Does he know about these pressures? Probably not. It is unlikely that he learnt much about the Labour Party as he floated up in his balloon and he probably still sees the ferocious Blair/Brown conflict as just a matter of two combative individuals rather than the personification of two long antagonisms inside not just Labour but of the entire British left, a fault line between its initial constituents which has never fully closed. Labour was set up as an open federation of the trade unions and the progressive intellectual societies which elaborated a full political programme. In a Gramscian paradise, this combination would be seen as the ideal historical bloc, the proletariat with its inherent but inchoate ‘common sense’ and the organic intellectuals turning this into the ‘good sense’ needed to change society. But in the real world, this kind of federation which has never progressed to the unified structure of most social-democratic parties requires a leadership drawn from all parts of the federation. Throughout most of its history, this is exactly what Labour had with strong leaders from the unions buttressing the middle-class Oxbridge intellectuals, something true of both left and right factions.

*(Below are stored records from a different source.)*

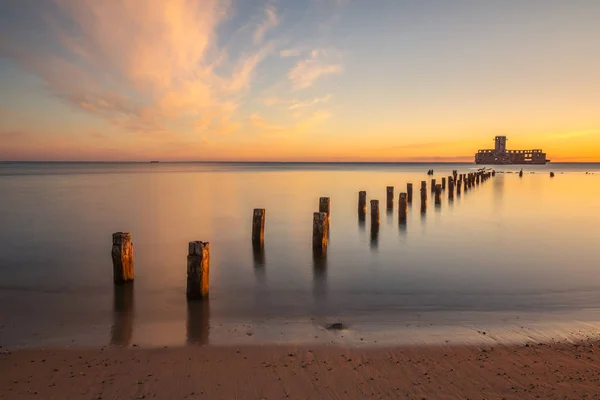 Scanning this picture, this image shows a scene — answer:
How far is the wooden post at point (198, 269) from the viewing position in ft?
24.9

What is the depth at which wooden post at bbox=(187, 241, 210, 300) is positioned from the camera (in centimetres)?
758

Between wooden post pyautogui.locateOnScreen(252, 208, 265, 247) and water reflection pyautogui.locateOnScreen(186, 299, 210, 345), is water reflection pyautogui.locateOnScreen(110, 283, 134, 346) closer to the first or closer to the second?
water reflection pyautogui.locateOnScreen(186, 299, 210, 345)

This has now effectively collapsed with Oxbridge winning by default. The disappearance of strong leaders from the labour movement both inside and outside Parliament is one of the great problems of the British left (Jack Dromey, anyone? Or Bob Crowe, just to balance the sides?). However it is a fact of life and is unlikely to be remedied anytime soon. Both Blair and Brown managed to avoid the problem, the former by his uncanny ability to float above any class or national label, the latter by his long apprenticeship in the snake-pit of Scottish Labour. But with Ed, the issue has finally come home to roost. He will, undoubtedly, try to shift the basis of Labour away from its cumbersome federal roots and more towards the supporter-based movement as against party favoured by his brother. But he is going to be handicapped, possibly fatally, by the label applied so openly by Cruddas. The knives are already being sharpened; the only real question is who will wield them.